Myopia Management: Why and How

Myopia, presents the biggest threat to eye health of the 21st century.  A chronic, progressive disease, it is characterised by excessive eye elongation and can lead to sight-threatening complications.1  Incidence of myopia has increased at alarming rates around the world, with higher prevalence recorded among children and young adults.  This is placing not only a significant toll on patients, but a considerable strain on public health services.

With myopia projected to affect over half the world’s population by 2050, there has never been a greater need for a new approach to managing and treating this disease.2,3  Asia, where increased myopia prevalence was first recorded in the 1980s, and several other countries have subsequently declared myopia as a public health emergency.  Advances in knowledge of the cause and development of myopia have given eye health professionals a better understanding of the clinical interventions required.

 What causes myopia

In the past, myopia was believed to be mostly genetic.

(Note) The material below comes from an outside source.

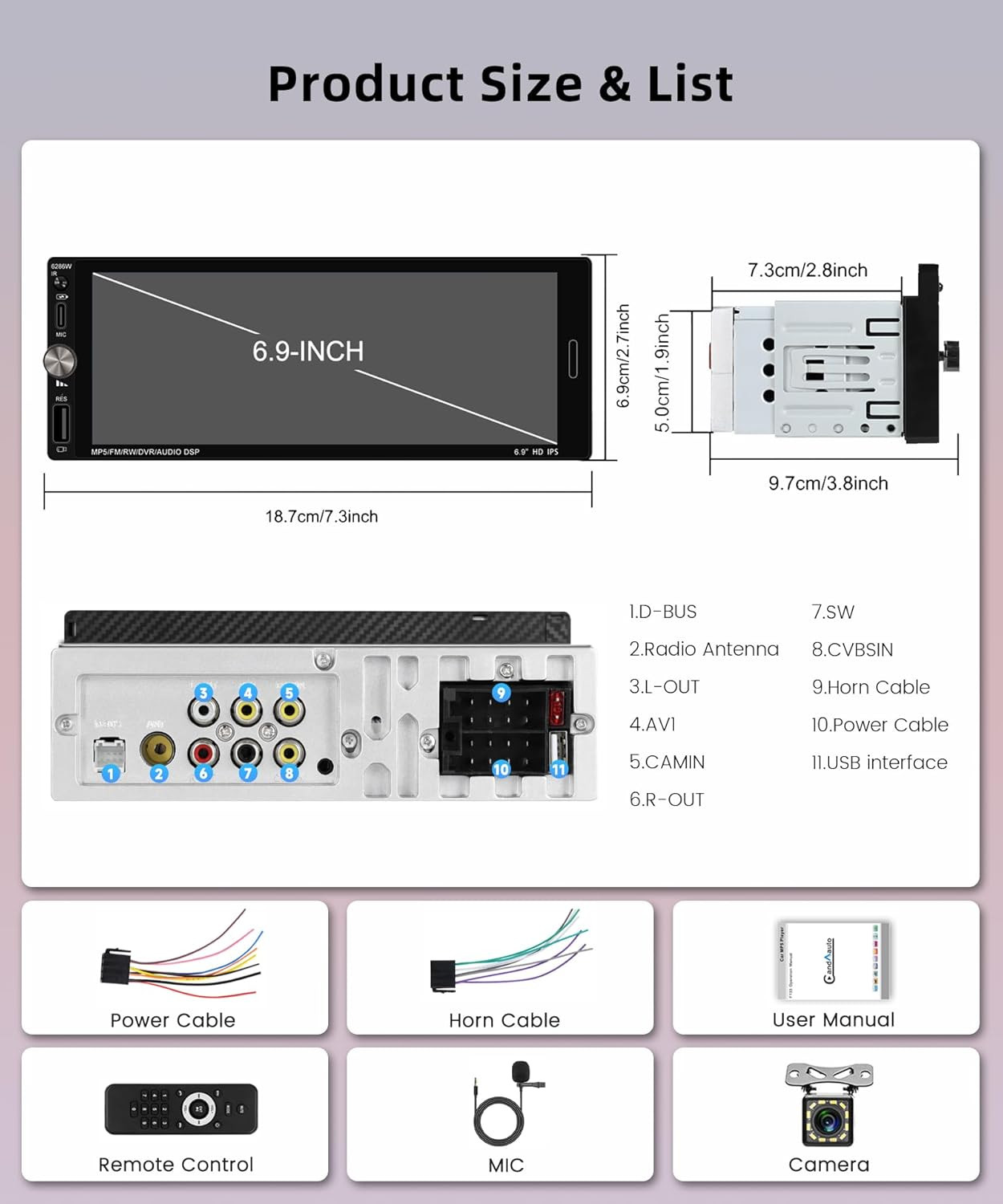 Car Stereo Single Din Wireless Carplay 6.9 Inch Touch Screen Android Auto, Car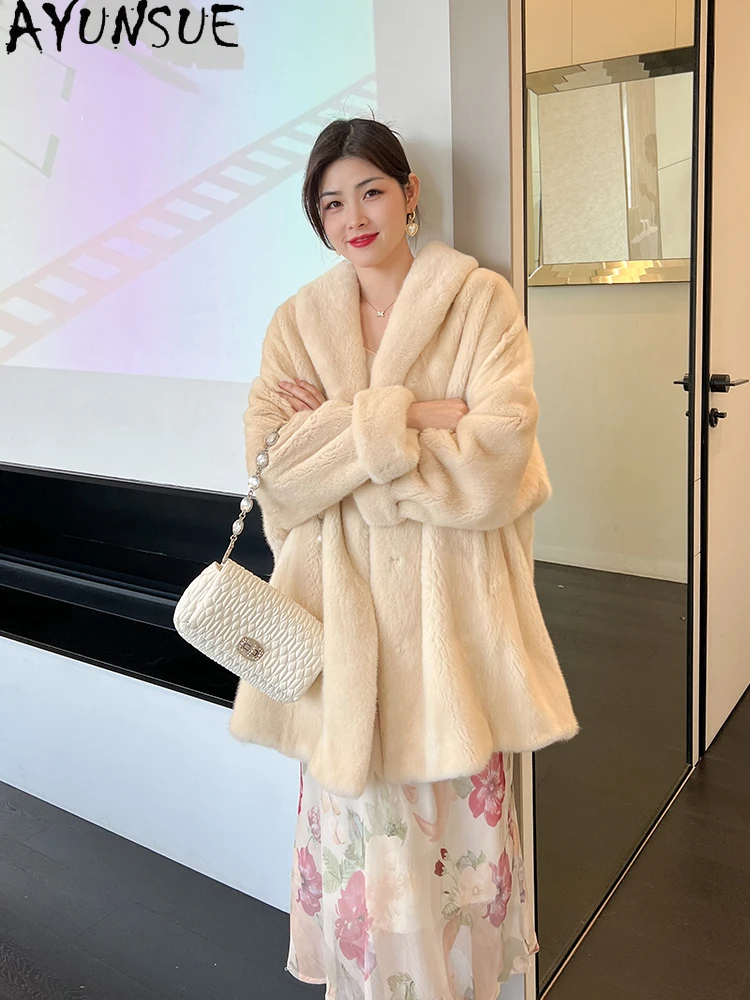 

AYUNSUE Натуральная бархатная норковая шуба женская с шалевым воротником средней длины из натурального меха женская одежда из цельной норки зимняя шуба Женская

More recent evidence, however, shows that myopia onset and progression, results from a complex interaction between environmental/visual conditions, and the genetic mechanisms intended to modulate emmetropization.3,4

Emmetropization is a visually guided developmental process that aims to match the eye’s axial length to the power of its optical components, so that the unaccommodated eye is focused at distance.  At birth, most babies have a focus point that falls behind the back of the eyes.  When form deprivation or hyperopic retinal defocus is experienced:

  1. biochemical signals are transmitted by the retina, through the choroid to the sclera, where it alters the biomechanical properties of the sclera, increasing axial length3,4
  2. the choroid also plays an active role in emmetropization, both by
  • decreasing choroidal thickness, which moves the retina closer to the focus point of the eye (choroidal accommodation). This is not permanent, and may even function as a mechanism to sustain focus on the retina until the length of the eye ‘catches up’ to the power of its optical components.  Choroidal thickness returns to normal at a pace similar to that of the changing size of the globe3,4
  • releasing growth factors that regulate scleral changes which lead to axial length increase3,4

Myopia develops  when this control mechanism is no longer accurate, and the axial length increases beyond the point of focus of the eye.3,4  Environmental and ocular factors that can affect image quality, stimulating eye growth (axial elongation) include:

  • peripheral retinal defocus3,4
  • under accommodation3,4
  • higher-order aberrations3,4
  • contrast4
  • circadian rhythms3,4
  • light intensity and spectral compositions3,4

 Why myopia is increasing

 There are many factors and hypothesis, but the main reasons that myopia is caused and increased, is genetic and visual/environmental factor interacting with one another.3,4,5

 Genetic

  • Parental history of myopia correlates with the rate of axial elongation and increase in myopic refraction.3,5

Binocular vision/accommodation

  • Esophoria has been associated with a higher prevalence of myopia.3,5
  • Lag of accommodation has been associated with a higher prevalence of myopia. A high lag of accommodative is associated with faster progression of myopia.3,5
  • High AC/A ratio seems to be a reliable predictor of myopia onset, and begins to increase approximately 4 years prior to the onset of myopia. It is also associated with myopia progression.3
  • Intermittent exotropia (IXT) has also been associated with a higher prevalence of myopia, with 47% of children with IXT becoming myopic by age 10 and 91% by age 20.5 This could be due to the increased accommodative demand in children with intermittent exotropia.6

Environment

  • Less time outdoors has been the most influential environmental factor associated with the onset of myopia to date. There are many different theories about whether it could be due to the brightness or wavelength of the light exposure, the intricate spatial properties and three-dimensional structures of the natural world, and/or other mechanisms.  But one thing is certain, spening more time outdoors is effective in slowing the myopic shift in refractive error in non-myopic eyes and preventing the onset of myopia.3,4,5
  • More near work usually goes hand-in-hand with less time spend outdoors. But evidence further suggest that for every 1 diopter per hour spend doing near work, the odds of becoming more myopic increases by 2%.3,4,5
  • Increased screen time, for both academia and recreation by very young children may be further promoting myopia onset and progression.3

How we can manage myopia

The most fundamental discovery from animal studies was that retinal defocus carries specific visual information used to regulate the growth and refractive state of the developing eye.4  Therefore, controlling the visual conditions that affect eye growth offers both non-invasive and economic means to reduce myopia progression.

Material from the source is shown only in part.